**TASK INSTRUCTIONS**
Starting with the line that holds "Imagem: Casa Térrea" and stopping after the line that holds "The best way", repeat the lines below word for word, without the pictures.

**SUPPLIED INFORMATION**
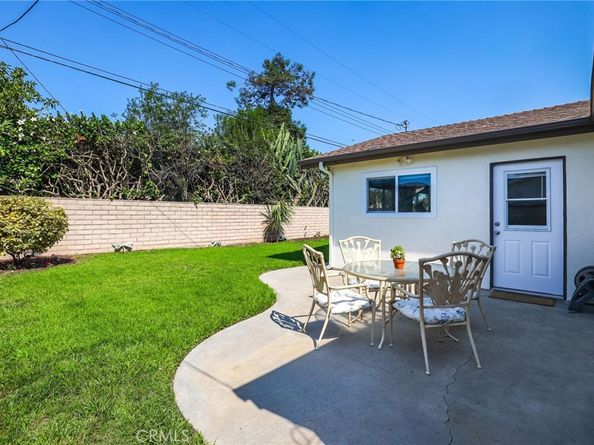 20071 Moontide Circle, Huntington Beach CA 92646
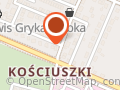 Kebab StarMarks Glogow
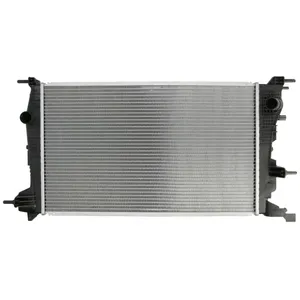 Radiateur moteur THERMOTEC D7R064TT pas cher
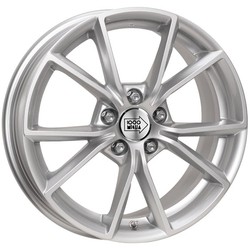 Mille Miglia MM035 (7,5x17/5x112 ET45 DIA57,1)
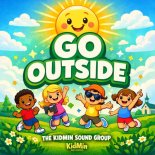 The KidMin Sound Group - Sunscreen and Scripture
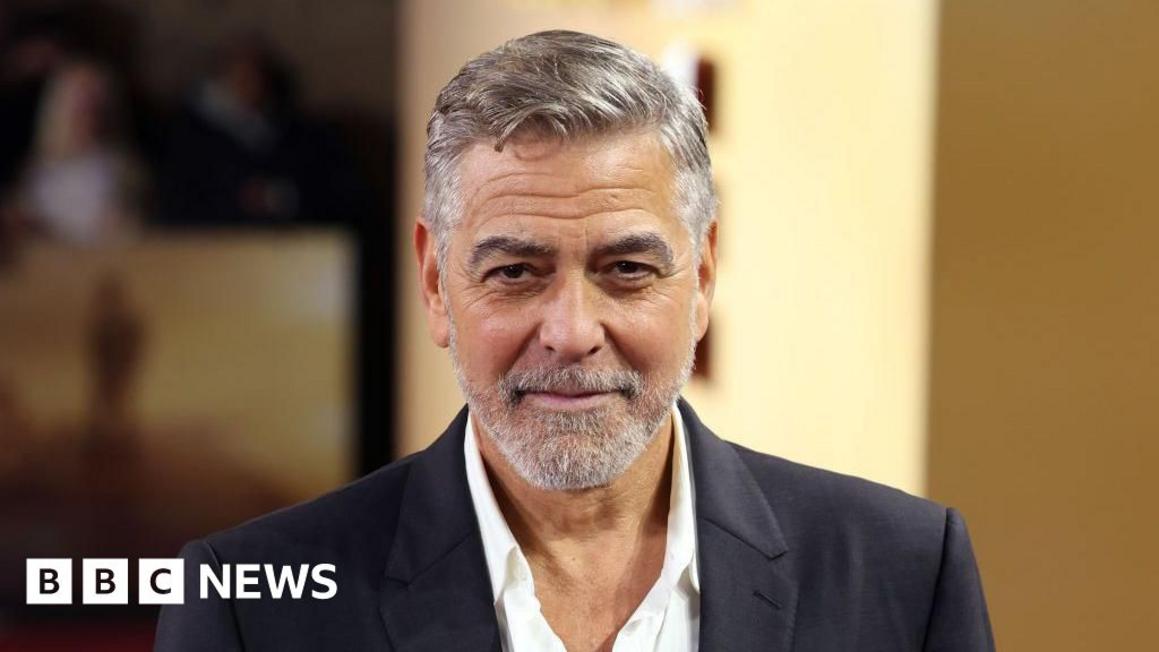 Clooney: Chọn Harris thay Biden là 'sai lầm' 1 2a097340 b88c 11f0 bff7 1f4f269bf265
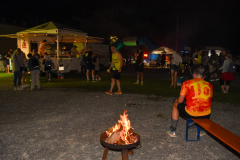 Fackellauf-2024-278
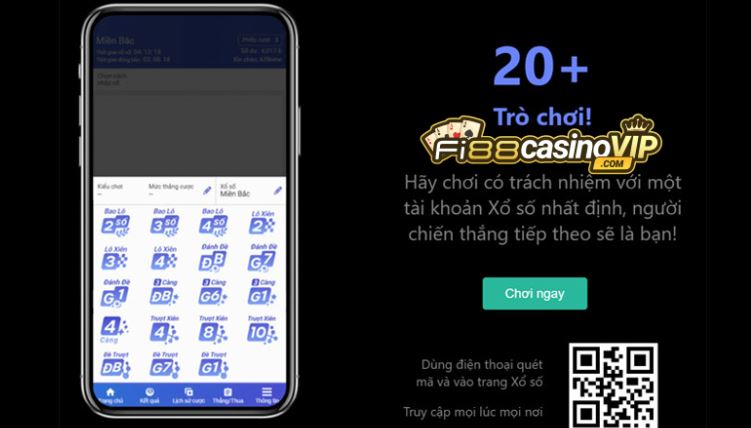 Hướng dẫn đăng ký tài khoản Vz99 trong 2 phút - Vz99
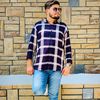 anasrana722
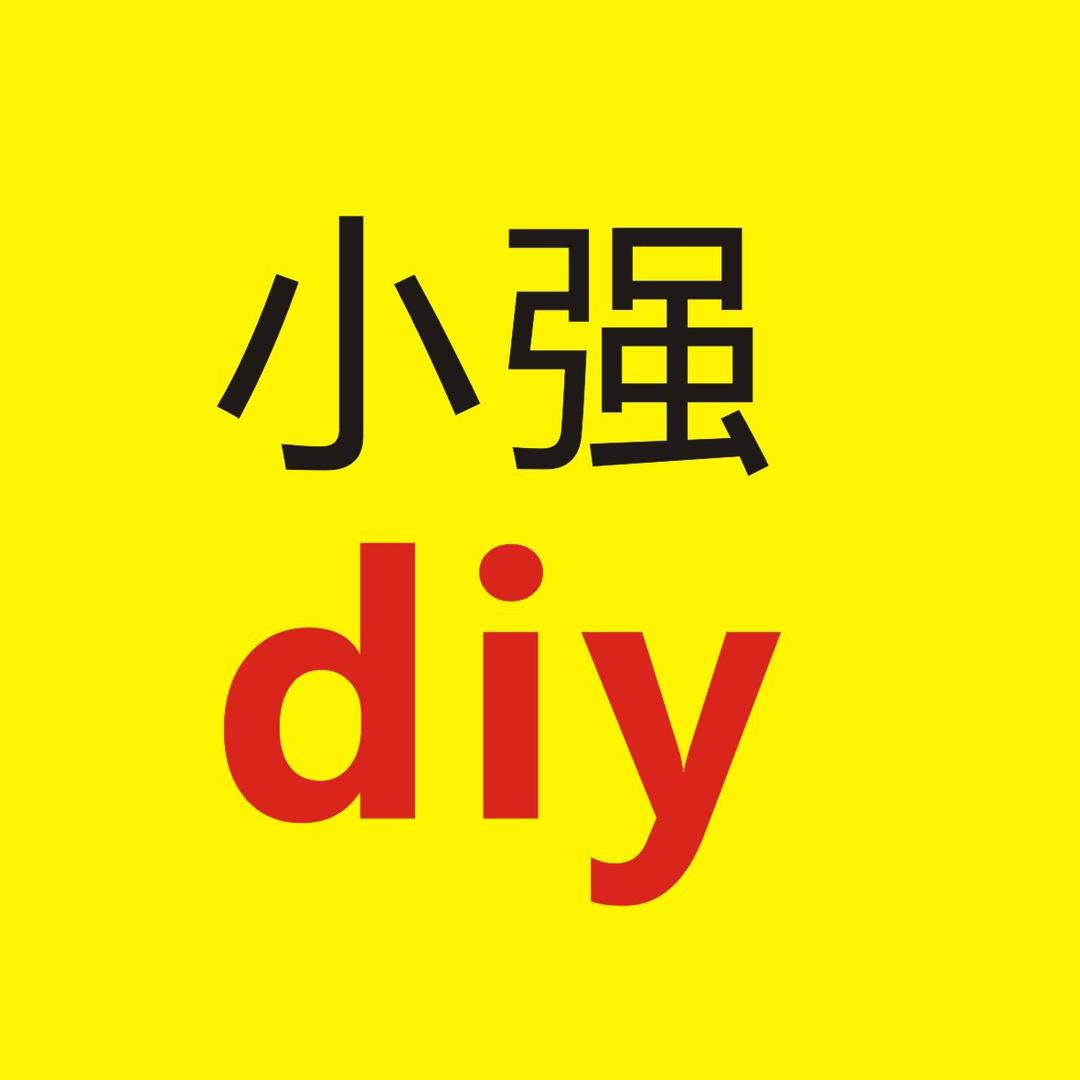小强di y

...

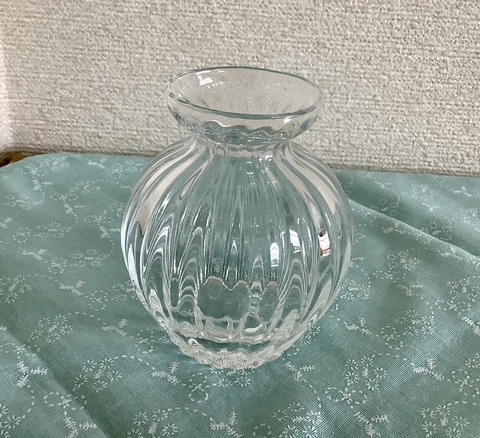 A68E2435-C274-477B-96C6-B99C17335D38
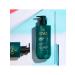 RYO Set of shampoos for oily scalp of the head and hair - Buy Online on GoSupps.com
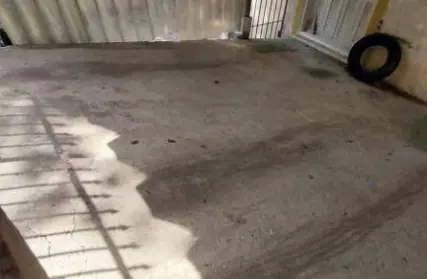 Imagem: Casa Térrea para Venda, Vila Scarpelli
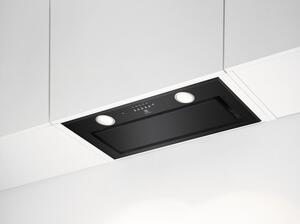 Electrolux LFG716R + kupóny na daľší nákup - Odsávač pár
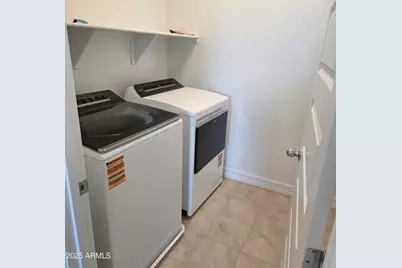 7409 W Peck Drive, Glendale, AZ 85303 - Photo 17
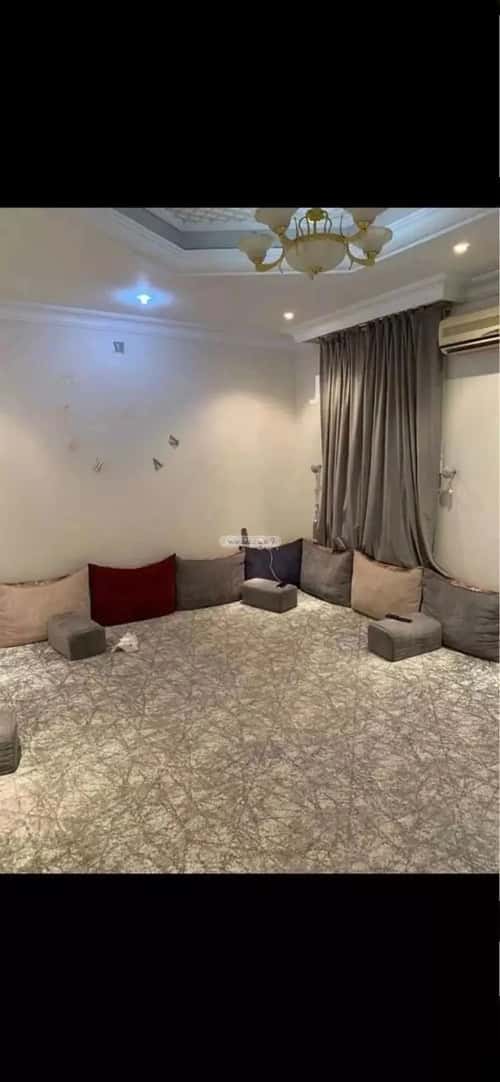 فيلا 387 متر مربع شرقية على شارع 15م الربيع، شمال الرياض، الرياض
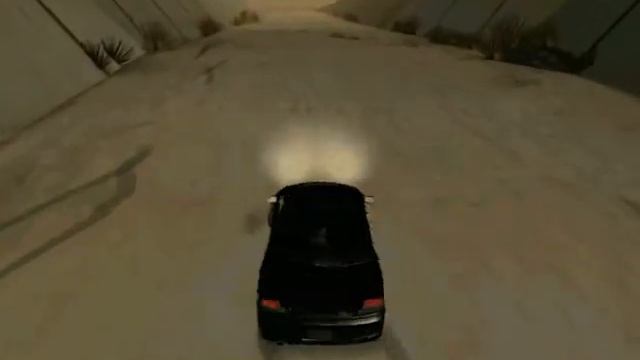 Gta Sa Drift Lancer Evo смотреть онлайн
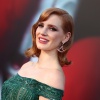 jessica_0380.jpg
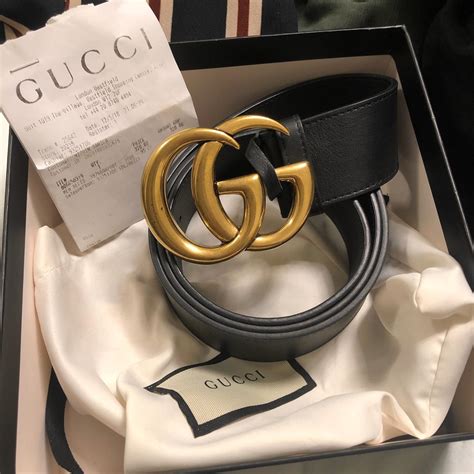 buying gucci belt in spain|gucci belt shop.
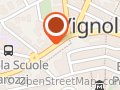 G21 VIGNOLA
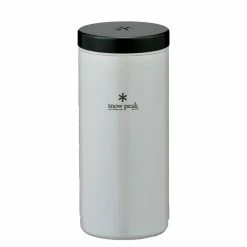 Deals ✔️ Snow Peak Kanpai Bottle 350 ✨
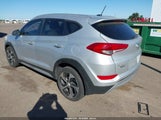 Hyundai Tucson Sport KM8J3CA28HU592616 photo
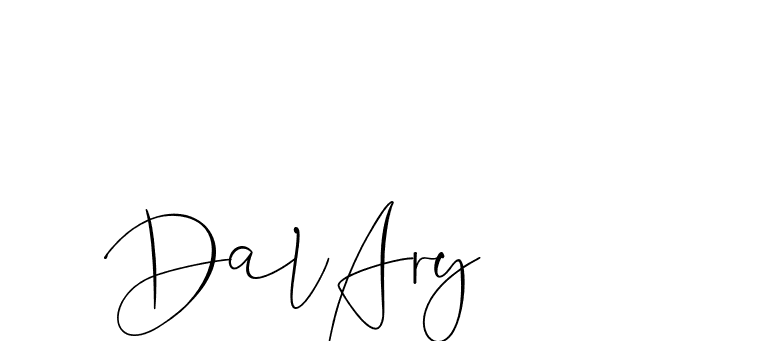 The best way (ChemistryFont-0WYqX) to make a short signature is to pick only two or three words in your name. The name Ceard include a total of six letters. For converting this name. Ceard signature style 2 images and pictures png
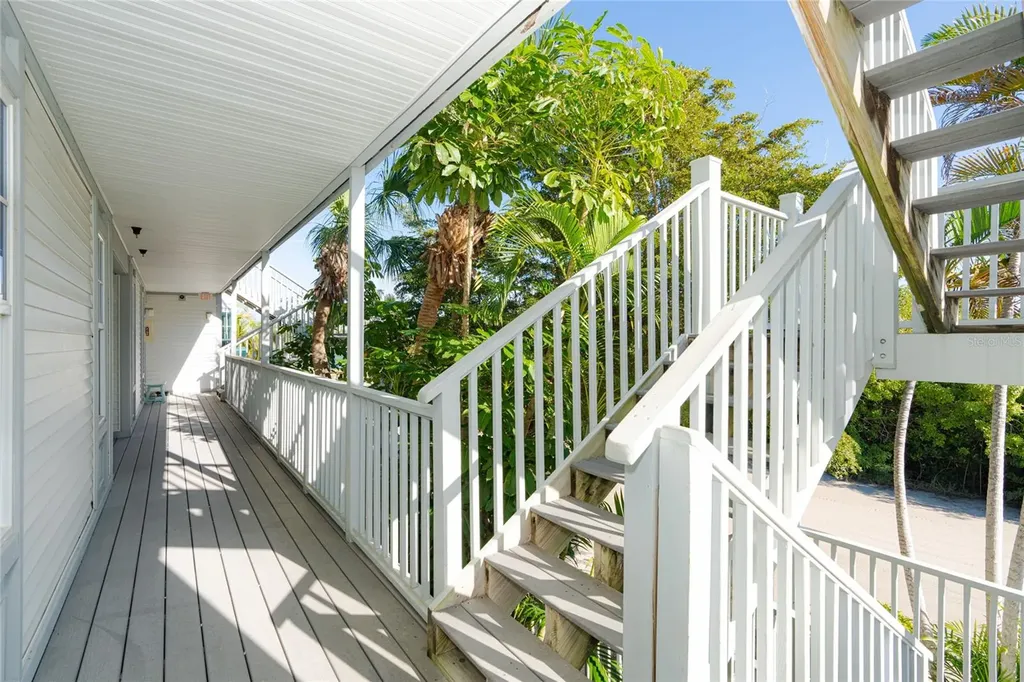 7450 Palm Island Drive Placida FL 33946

**SOLUTION FOR THIS PROBLEM**
 Imagem: Casa Térrea para Venda, Vila Scarpelli
 Electrolux LFG716R + kupóny na daľší nákup - Odsávač pár
 7409 W Peck Drive, Glendale, AZ 85303 - Photo 17
 فيلا 387 متر مربع شرقية على شارع 15م الربيع، شمال الرياض، الرياض
 Gta Sa Drift Lancer Evo смотреть онлайн
 jessica_0380.jpg
 buying gucci belt in spain|gucci belt shop.
 G21 VIGNOLA
 Deals ✔️ Snow Peak Kanpai Bottle 350 ✨
 Hyundai Tucson Sport KM8J3CA28HU592616 photo
 The best way (ChemistryFont-0WYqX) to make a short signature is to pick only two or three words in your name. The name Ceard include a total of six letters. For converting this name. Ceard signature style 2 images and pictures png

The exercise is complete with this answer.